Yazdır

 

     Peygamberimiz (s.a.s.) adaletli insandı. Kimsenin haksızlığa uğratılmasına göz yummazdı. Esasen, doğrulukla adalet birbirini tamamlayan iki güzel haslet olup, bunların her ikisi de Peygamberimiz'de (s.a.s.) kemal derecesinde idi. Gençliğinden beri herkes onu "emin; güvenilir" olarak biliyordu. Ticaret arkadaşları onun hakkında "ne kimsenin hakkını yerdi, ne de kimseye hakkını yedirirdi. Hak konusunda hatır gönül dinlemezdi." derler. Hz. Peygamber (s.a.s.) açıkça İslamı davetle emrolunduğunda, Safa tepesinden Kureyşlilere: "Size şu dağın ardından düşman atlılarının gelmekte olduğunu söylesem inanır mısınız?" deyince; "Evet inanırız, çünkü sen hayatında asla yalan söylemedin. "cevabını veriyorlardı.

   Cenab-ı Hak, Peygamberimiz (s.a.s.)'e "Emrolunduğu gibi dosdoğru hareket et!" talimatını vermiş, Peygamberimiz (s.a.s.) de hayatı boyunca sırat-ı müstakimden ayrılmamıştır.

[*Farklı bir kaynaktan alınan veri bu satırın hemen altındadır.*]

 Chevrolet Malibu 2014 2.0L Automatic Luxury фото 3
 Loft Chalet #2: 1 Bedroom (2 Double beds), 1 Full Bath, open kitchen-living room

   Peygamberimiz (s.a.s.) Mescid'de ashabına nasihat etmekle meşguldü. Bu esnada Ensar'dan bir zat Salebe Oğullarının geçmişte akrabasından birini öldürdüklerini, şimdi onlar- dan birinin öldürülmesi gerektiğini söyleyince Peygamamberimiz(s.a.s): "Hayır bunu yapamazsınız! Bir evlat babasının suçu yüzünden öldürülmez!" buyurdu. Bir defasında da ganimet dağıtılırken taşkın hareketlerde bulunan birine Peygamberimiz (s.a.s.) "Sabırlı ol, sıranı bekle!" diye elindeki ince değneği uzatmış, adamın yüzü hafifçe çizilmişti.Peygamberimiz (s.a.s.) hemen değneği, adamın eline vererek "Işte yüzüm demişse de adam hatasını anlamış olarak Peygamberimiz (s.a.s.)'den özür dilemişti. 

   Hasıh, Peygamberimiz (s.a.s.), sözün tam anlamıyla adalet ve insaf sahibi idi.